Third, they embed domain‑adversarial learning into a Swap‑Adversarial Framework (SAF). An encoder and task classifier are trained jointly on the PD prediction task, while a domain discriminator (predicting subject identity) is attached via a Gradient Reversal Layer (GRL). The adversarial objective drives the encoder to discard subject‑specific cues while retaining discriminative disease information. Prior to augmentation, the authors apply Artifact Subspace Reconstruction (ASR) to remove high‑energy low‑dimensional artifacts, ensuring that the domain discriminator does not latch onto noise.

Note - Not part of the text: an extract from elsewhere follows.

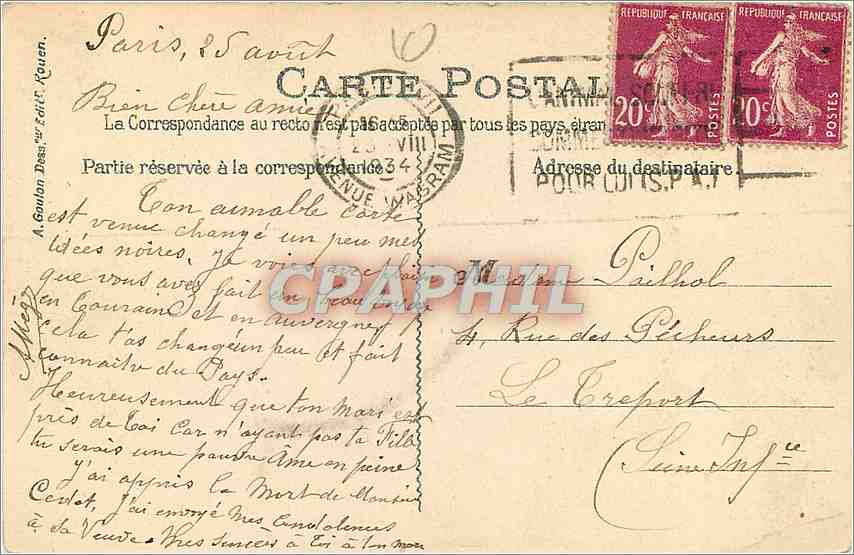 CPA Dessin a la Plume  — Verso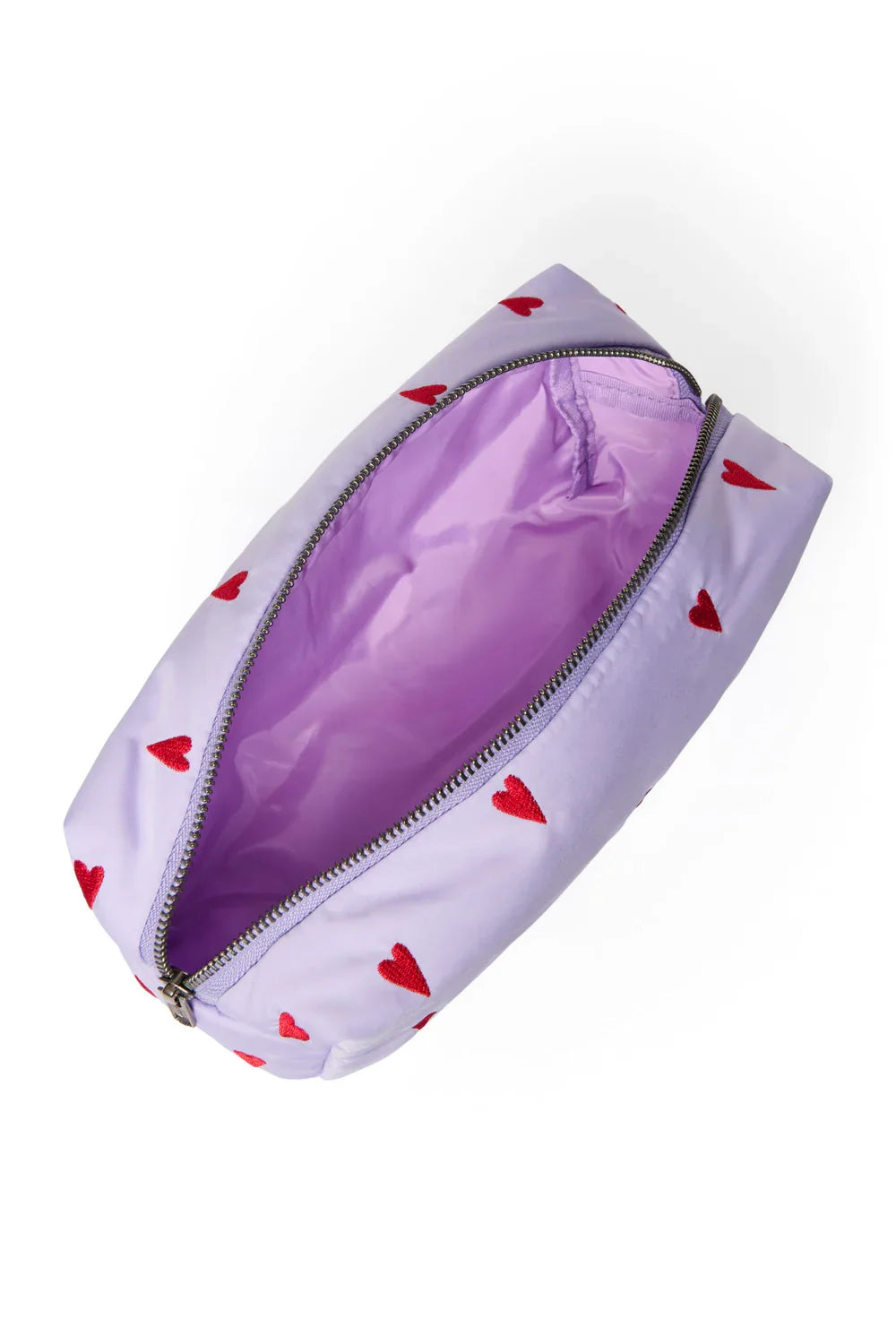 Purple Hearts Puffy Pouch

Extensive experiments validate the approach. In leave‑one‑subject‑out cross‑subject evaluation on the ECoG dataset, SAF outperforms a range of baselines—including CNN, LSTM, MMD‑based domain alignment, and Group DRO—by 8–12 percentage points in accuracy. Cross‑session tests (wireless vs. wired acquisition) demonstrate robustness to hardware and environmental changes. Crucially, the same framework transferred to two public EEG benchmarks (BCI‑IV and PhysioNet), achieving >85 % accuracy despite modality shift, thereby confirming strong cross‑modal generalization.

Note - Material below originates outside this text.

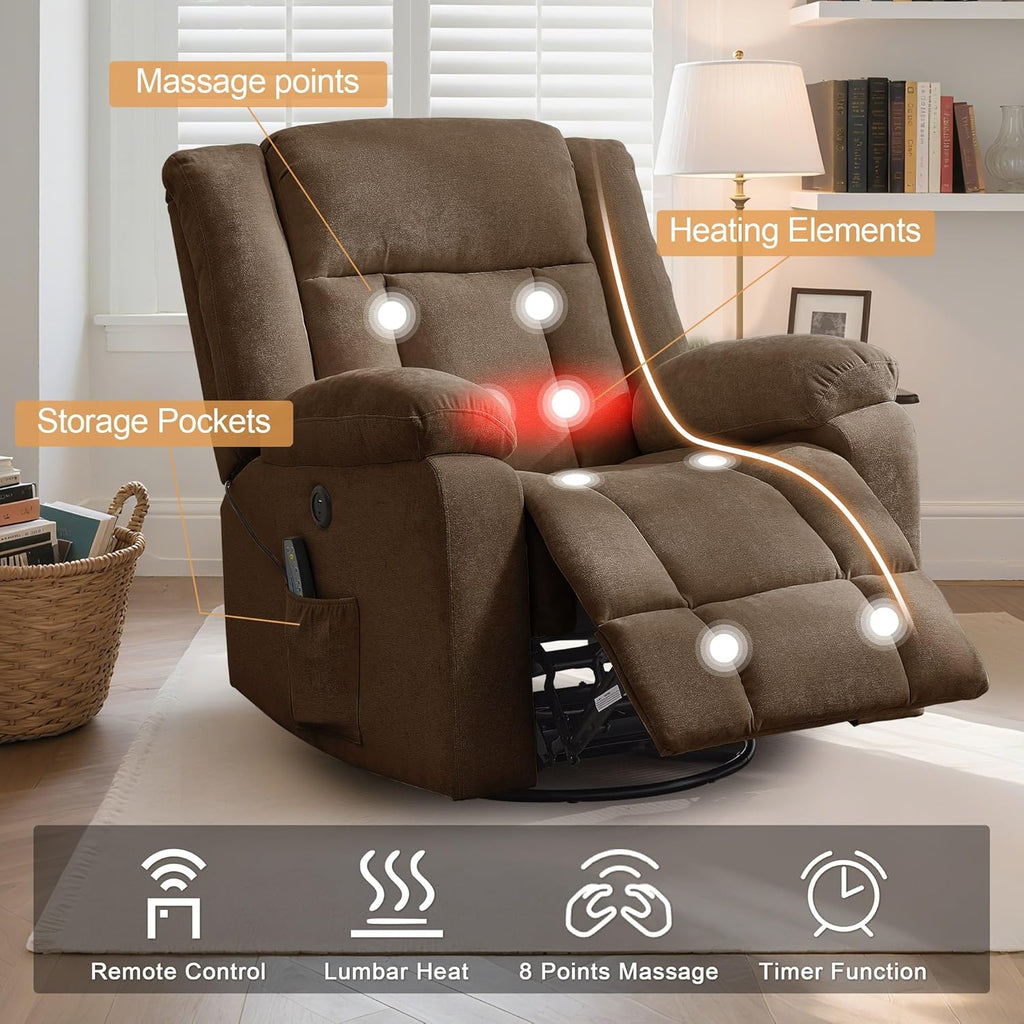 Fauteuil à bascule pour adulte, fauteuil inclinable coulissant, fauteuil à bascule rotatif à 360° avec fonction massage et chauffage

In summary, the paper delivers (1) a publicly available ECoG PD benchmark, (2) a channel‑swap augmentation (ISBCS) that alleviates HDLSS and inter‑subject bias, and (3) a domain‑adversarial training scheme that learns subject‑invariant yet disease‑relevant representations. The combined Swap‑Adversarial Framework sets a new standard for domain‑generalizable brain‑signal classification and opens avenues for applying similar techniques to other modalities such as MEG or fNIRS, as well as for integrating meta‑learning or prompt‑based adaptation to further enhance clinical applicability.